Goal: To use clusters for DR, not just HA.
RTO & RPO
- RTO: Accepted amount of time that services are offline
- RPO: Accepted amount of data loss, measured in time.
- Automated failover: manual invocation, but automated process
- Automatic failover: a heartbeat failure automatically triggers a failure
- Stretch clusters can achieve low RPO and RTO
- Can offer disaster avoidance (new term) ahead of a predicted disaster. Use clustering and Hyper-V features to move workloads.
- Stretch cluster. What used to be aclled a multi-site cluster, metro cluster or geo cluster.
Stretch Cluster Network Considerations
Clusters are very aggressive out of the box: once per second heartbeat and 5 missed heartbeats = failover. PowerShell = (Get-Cluster).SameSubnetThreshold = 10 and (Get-Cluster).CrossSubnetThreshold = 20
Different data centers = different subnets. They are using Network Name Resources for things like file shares which are registered in DNS depending on which site the resource is active in. The NNR has IP address A and IP Address B. Note that DNS registrations need to be replicated and the TTL has to expire. If you failover something like a file share then there will be some time of RTO depending on DNS stuff.
If you are stretching Hyper-V clusters then you can use HNV to abstract the IPs of the VMs after failover.
Another strategy is that you prefer local failover. HA scenario is to failover locally. DR scenario is to failover remotely.
You can stretch VLANs across sites – you network admins will stop sending you XMas cards.
There are network abstraction devices from the likes of Cisco, which offer the same kind of IP abstraction that HNV offers.

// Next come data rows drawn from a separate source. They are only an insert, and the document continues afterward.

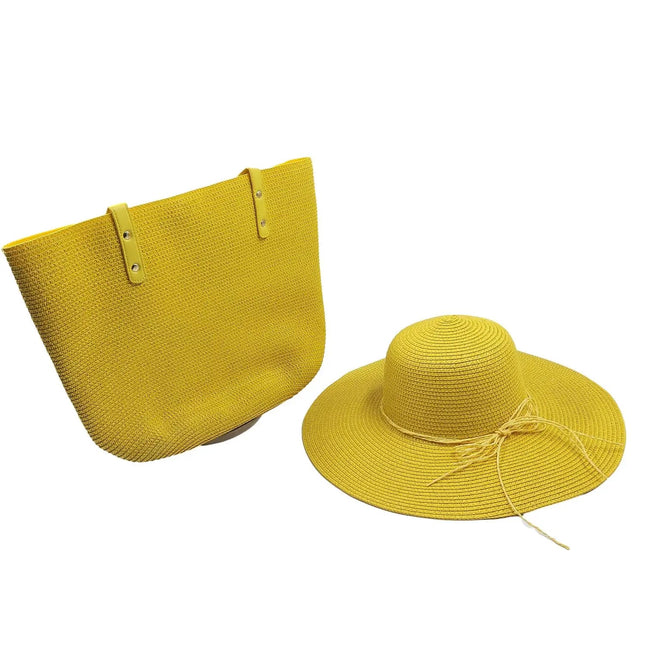 Chapeau de paille bord large et sac assorti - Jaune - M (56 - 58cm) | La boutique du chapeau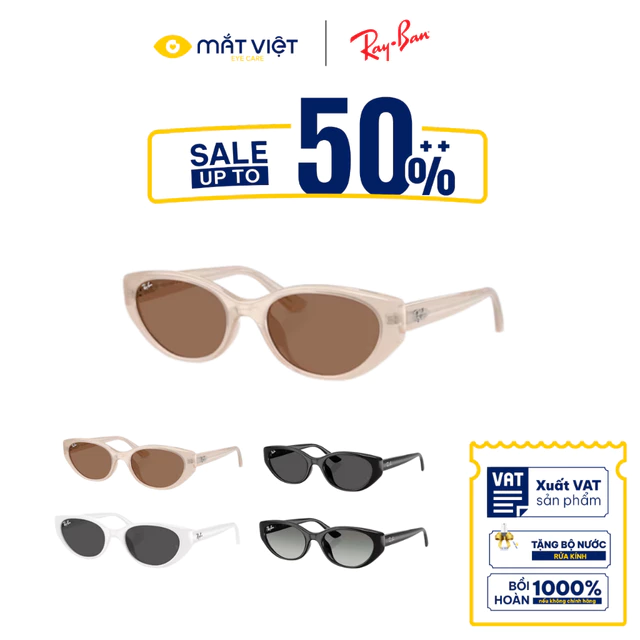 KÍNH MÁT UNISEX RAY-BAN 0RB4457D, Kính Mát Nhựa , Kính Mát Vuông, Kính Mát Thời Trang, Mắt Kính Chính Hãng Mắt Việt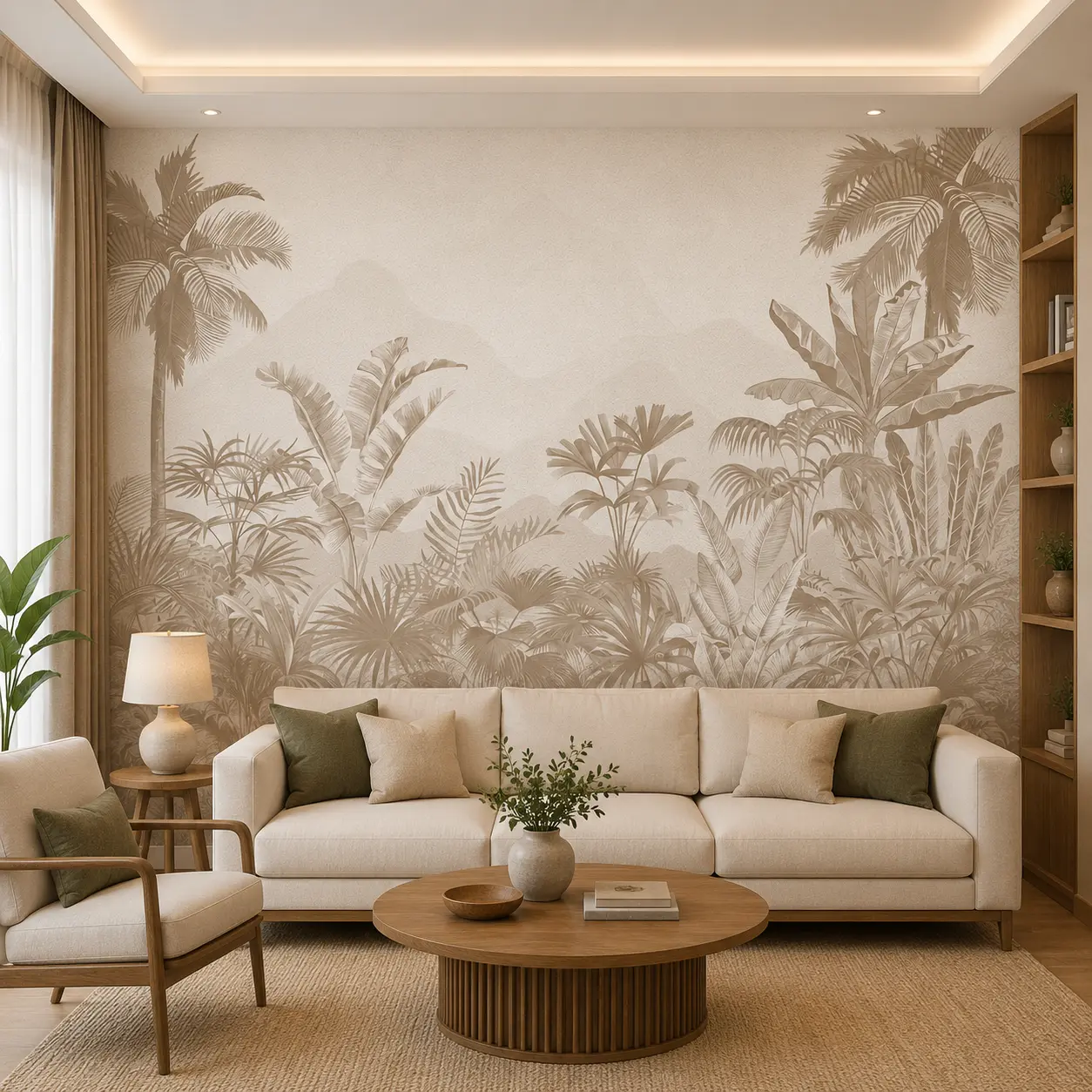 Neutral Tropical Jungle Wallpaper Mural – Beige Palm Forest Decor 1 Neutral Tropical Jungle Wallpaper Mural – Beige Botanical Palm Forest Wall Decor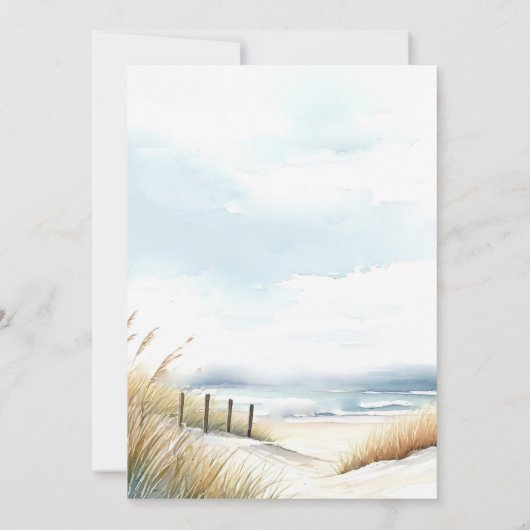 Wild Beach Fence Ocean Grass Art Elegante bruiloft Kaart (Achterkant)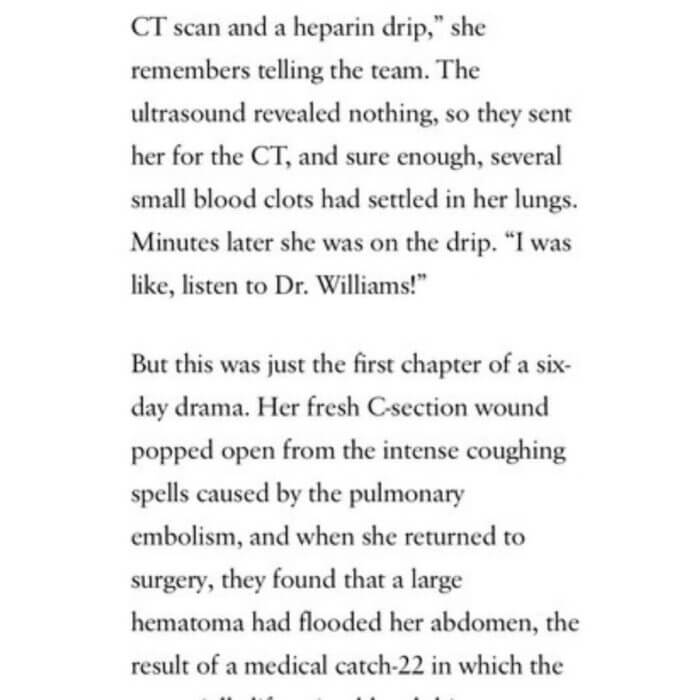 Pulmonary Embolism Serena William's story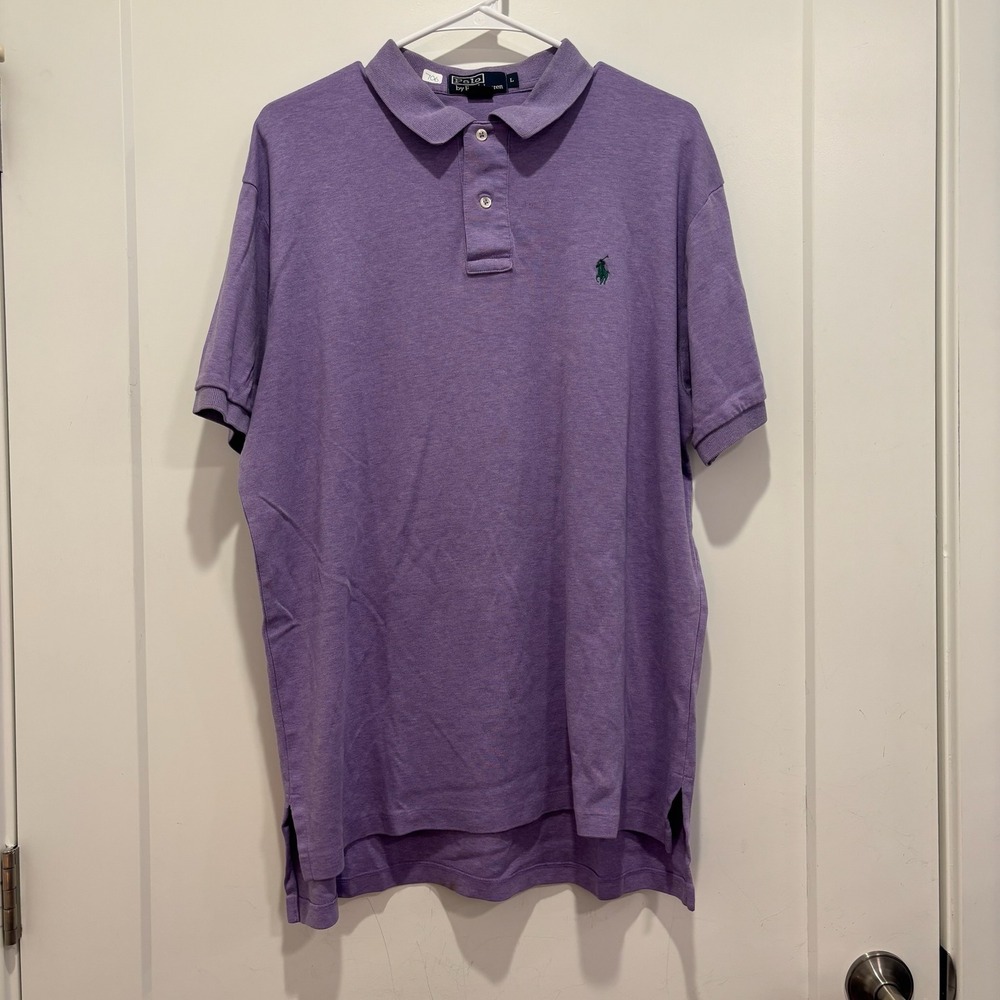 Polo Ralph‎ Lauren Mens Large Purple Heather Cotton Short Sleeve Polo Shirt L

(Get-Cluster).SecurityLevel =2 will encrypt cluster traffic on untrusted networks.
When nodes cannot talk to each other then they need a way to reconcile who stays up and who “shuts down” (cluster activities). Votes are assigned to each node and a witness. When a site fails then a large block of votes disappears simultaneously. Plan for this to ensure that quorum is still possible.
In a stretch cluster you ideally want a witness in site C via independent network connection from Site A – Site B comms. The witness is available even if one site goes offline or site A-B link goes down. This witness is a file share witness. Objections: “we don’t have a 3rd site”.
In WS2016, you can use a cloud witness in Azure. It’s a blob over HTTP in Azure.
Demo: Created a storage account in Azure. Got the key. A container contains a sequence number, just like a file share witness. Configures a cluster quorum as usual. Chooses Select a Witness, and slect Configure a Cloud Witness. Enters the storage account name and pastes in the key. Now the cluster starts using Azure as the 3rd site witness. Very affordable solution using a teeny bit of Azure storage. The cluster manages the permissions of the blob file. The blob stores only a sequence number – there is no sensitive private information. For an SME: a single Azure credit ($100) might last a VERY long time. In testing, they haven’t been able to get a charge of even $0.01 per cluster!!!!
Clustering in WS2012 R2 can survive a 50% loss of votes at onces. One site is automatically elected to win. It’s random by default but you can configure it. You can configure manual failover between sites. You do this by manually toggling the votes in the DR site – remove the votes from DR site nodes. You can set preferred owners for resources too.
Elden hands over to Ned. Ned will cover Storage Replica. I have to leave at this point … but Ned is covering this topic in full length later on today.